Common split patterns
Use one file per input when files are already the natural boundary.
from pathlib import Path
file_paths = [str(path) for path in Path("/workspace/shared/raw").glob("*.parquet")]
Use several files per input when each file is tiny and startup would dominate.
def chunks(items, size):
return [items[i:i + size] for i in range(0, len(items), size)]
file_groups = chunks(file_paths, 100)
Use row ranges when a database table has an indexed numeric column.
def build_id_ranges(start_id, end_id, rows_per_range):
return [
(range_start, min(range_start + rows_per_range - 1, end_id))
for range_start in range(start_id, end_id + 1, rows_per_range)
]
id_ranges = build_id_ranges(1, 10_000_000, 50_000)
Use byte ranges when one line-oriented file is too large to read on one machine.
def build_byte_ranges(total_bytes, bytes_per_range):
return [
(start, min(start + bytes_per_range, total_bytes))
for start in range(0, total_bytes, bytes_per_range)
]
ranges = build_byte_ranges(total_bytes=275_000_000_000, bytes_per_range=500_000_000)
Use chunks of URLs, IDs, or prompts when the bottleneck is an API, website, database, or model provider.
with open("user_ids.txt") as f:
user_ids = [line.strip() for line in f if line.strip()]
id_chunks = chunks(user_ids, 1000)
Use one tile, scene, sample, or shard when the source system already has useful boundaries.
with open("sentinel_tiles.txt") as f:
tile_ids = [line.strip() for line in f if line.strip()]
Write the worker around one input
The worker should make one input useful. Keep source reads, local work, and output writes together.

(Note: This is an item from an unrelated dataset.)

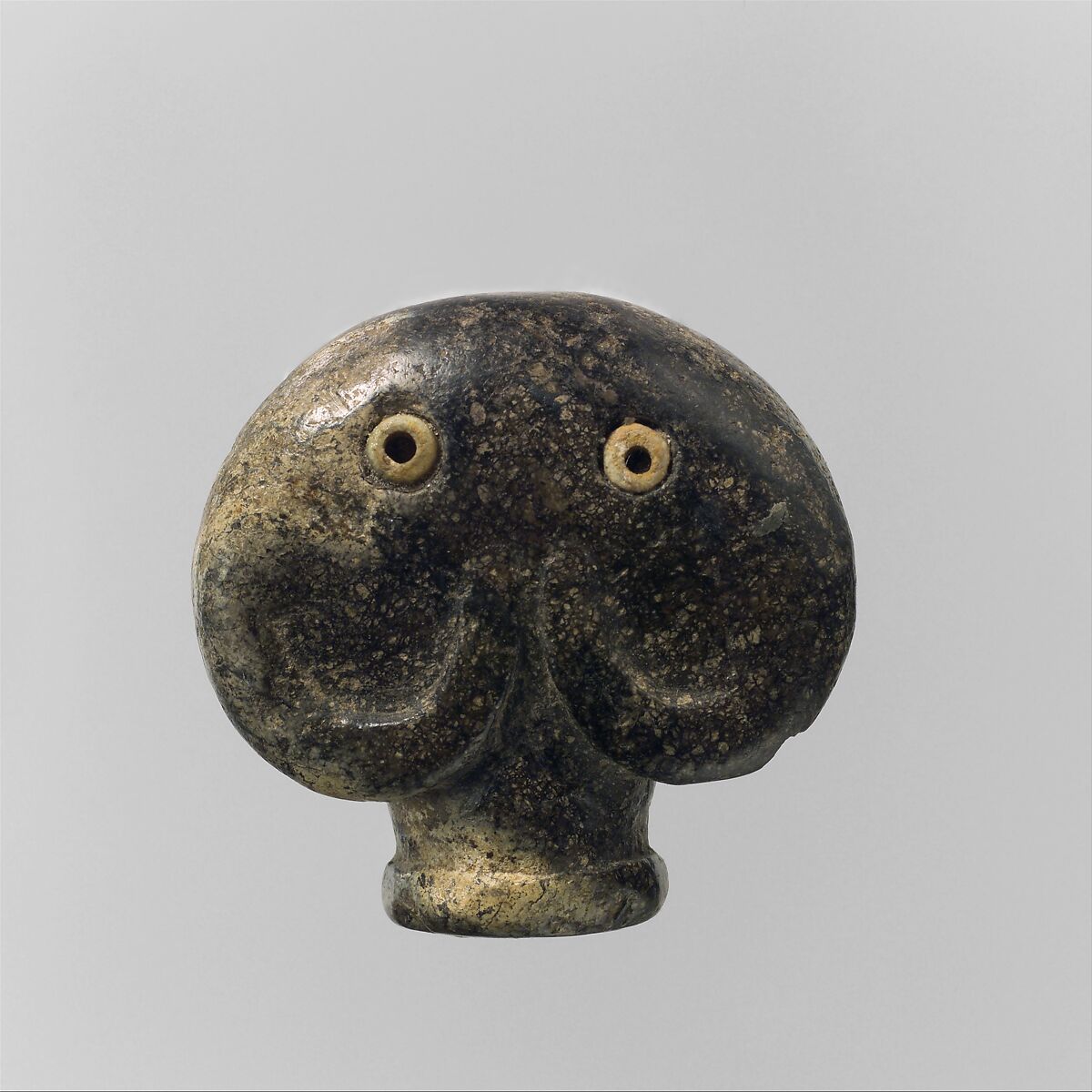 Amulet in the form of a head of an elephant, Serpentinite, bone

def scan_one_parquet_file(path):
import pyarrow.parquet as pq
table = pq.read_table(path)
return {
"path": path,
"rows": table.num_rows,
"columns": len(table.column_names),
}
Then run that worker over the input list.

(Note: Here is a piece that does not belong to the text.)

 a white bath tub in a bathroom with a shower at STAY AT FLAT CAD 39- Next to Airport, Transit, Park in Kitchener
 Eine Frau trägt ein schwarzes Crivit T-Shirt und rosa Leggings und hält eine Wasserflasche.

from burla import remote_parallel_map
reports = remote_parallel_map(
scan_one_parquet_file,
file_paths,
func_cpu=1,
func_ram=4,
grow=True,
)
Return small outputs
Returning small dicts, numbers, or short strings is fine.
import pandas as pd
report = pd.DataFrame(reports)
report.to_csv("scan-report.csv", index=False)
For large outputs, write a file from inside the worker and return the path.
def transform_one_file(path):
from pathlib import Path
import pyarrow.parquet as pq
table = pq.read_table(path)
output_path = Path("/workspace/shared/processed") / Path(path).name
output_path.parent.mkdir(parents=True, exist_ok=True)
pq.write_table(table, output_path)
return str(output_path)
This avoids sending large dataframes or arrays back through the client.
Pick chunk size from the bottleneck
If startup or model load time is expensive, make each input bigger.
If failures are common, make each input smaller.
If memory is tight, make each input smaller or ask for more func_ram.
If the output is large, write files to /workspace/shared and reduce paths later.
If the bottleneck is outside Burla, start with the external limit. API quotas, website politeness, database connections, object storage bandwidth, and GPU memory matter more than CPU count.
When to reduce
Reduce when the final answer needs a global view.
Examples:
- many file reports into one CSV
- many JSONL shards into one table
- many heaps into one top-K list
- many image manifests into one training manifest
For small outputs, reduce locally after remote_parallel_map returns.
For large outputs, run a second Burla call over output paths.
def combine_reports(paths):
import pandas as pd
frames = [pd.read_parquet(path) for path in paths]
out_path = "/workspace/shared/final/report.parquet"
pd.concat(frames, ignore_index=True).to_parquet(out_path)
return out_path
[final_report_path] = remote_parallel_map(
combine_reports,
[processed_paths],
func_cpu=8,
func_ram=32,
)
Start with this checklist
Before you run the full job, write down:
- What is one input?
- What does one worker read?
- What does one worker write or return?
- What is the external bottleneck?
- What resource does one worker need?
- What happens if one input fails?
- Does the final answer need a reduce step?
That checklist catches most bad Burla job shapes before you spend money on them.